El legado del sacerdote colombiano Camilo Torres pertenece a esta corriente renovadora y lejos de debilitarse se acrecienta con los años. En efecto, los puntos centrales de su programa de reformas son tan válidos hoy como ayer, pues en lo fundamental poco o nada ha cambiando en la suerte de la mayoría de la población. Tal vez lo único destacable es la formación de un limitado grupo de «estratos medios» que da cierta amplitud social y política a la vieja oligarquía y constituye el núcleo activo del movimiento de Álvaro Uribe. Es el sector que participa en las encuestas amañadas que arrojan adhesiones exorbitantes al actual mandatario y que apoya febrilmente ese fenómeno de fascismo tropical que encarna la alianza siniestra entre militares y paramilitares.

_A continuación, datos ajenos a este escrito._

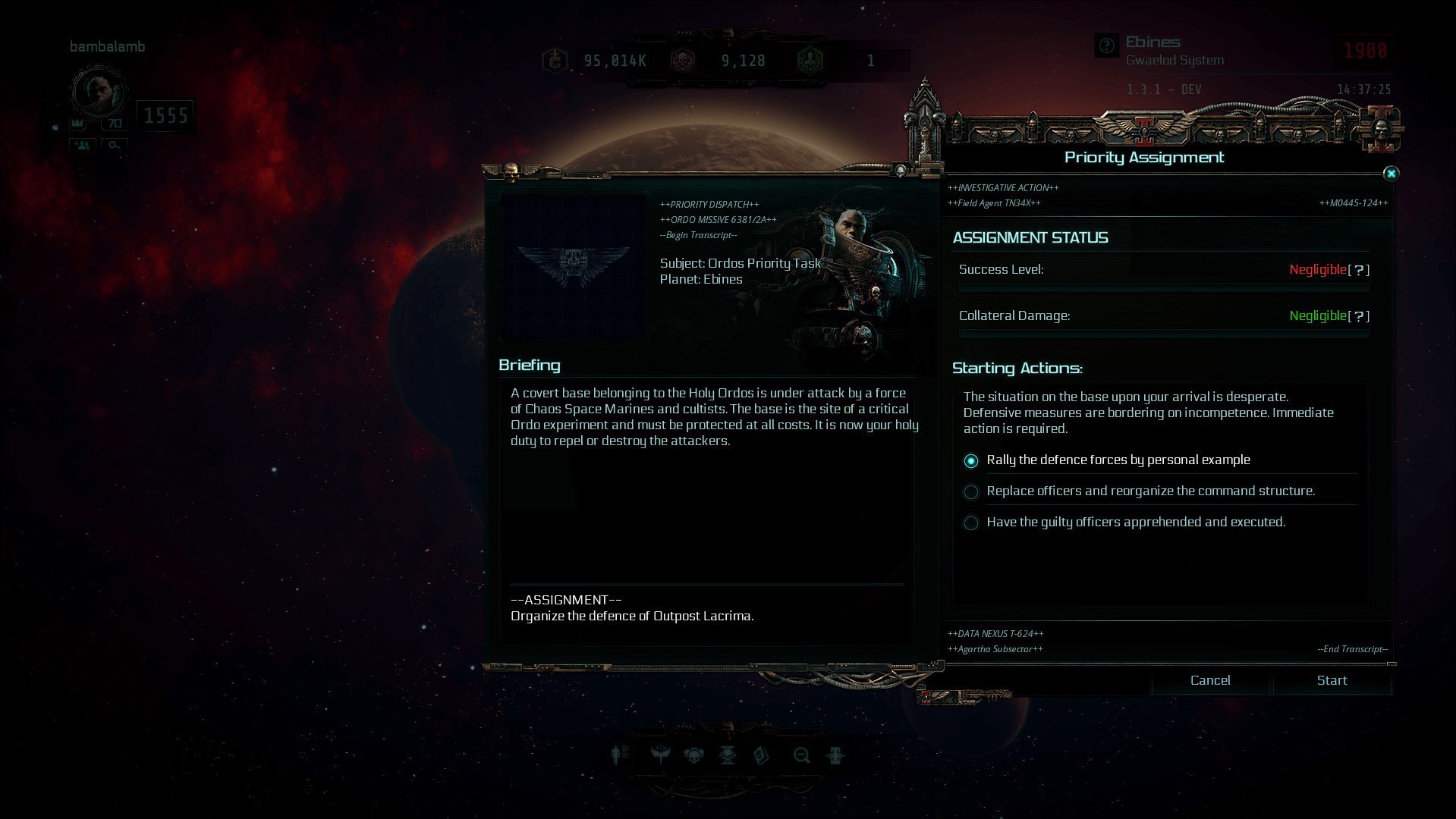 Warhammer 40,000: Inquisitor - Martyr - Occult Siege screenshot 1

Para los católicos progresistas sigue vigente el mensaje ético de Camilo Torres, seguramente con mucha mayor fuerza que antes. La opción por los pobres de la Teología de la Liberación les impone un compromiso firme en la lucha social y política contra la explotación inhumana de los obreros, la persecución despiadada de las comunidades indígenas y negras, el empobrecimiento agudo de las capas medias, el desplazamiento violento de más de cuatro millones de campesinos y la emigración obligada de otros cuatro millones, expulsados de su país por el modelo económico y sometidos hoy en el mundo rico a la discriminación humillante y la explotación infame como mano de obra barata.
Pero la crisis no solo afecta a los católicos. De hecho, un número creciente de evangélicos, luteranos menonitas y otras iglesias protestantes experimentan procesos de reflexión y de acción muy similares. Más aún, ante la agudización de la represión y la violencia aparecen también grupos de otras comunidades de menor presencia numérica en Colombia, como islamistas y judíos que unen sus esfuerzos a los cristianos progresistas en el empeño por detener la guerra y construir un país más grato, pacífico y próspero.
Y para los no creyentes, agnósticos y ateos comprometidos en la lucha social, el mensaje de Camilo Torres lejos de aparecer un elemento extraño se ha convertido también en inspiración y ejemplo. No hay conflictos por la creencia. No creyentes, creyentes de diferentes iglesias, monjas, curas y pastores aparecen juntos en todos los frentes de lucha social -incluida la misma insurgencia-. Para todos ellos sigue siendo válido el mensaje de Camilo que dejaba de lado el debate filosófico sobre la mortalidad del alma para coincidir con todos en la lucha contra el hambre y la explotación, esos sí, males letales de necesidad.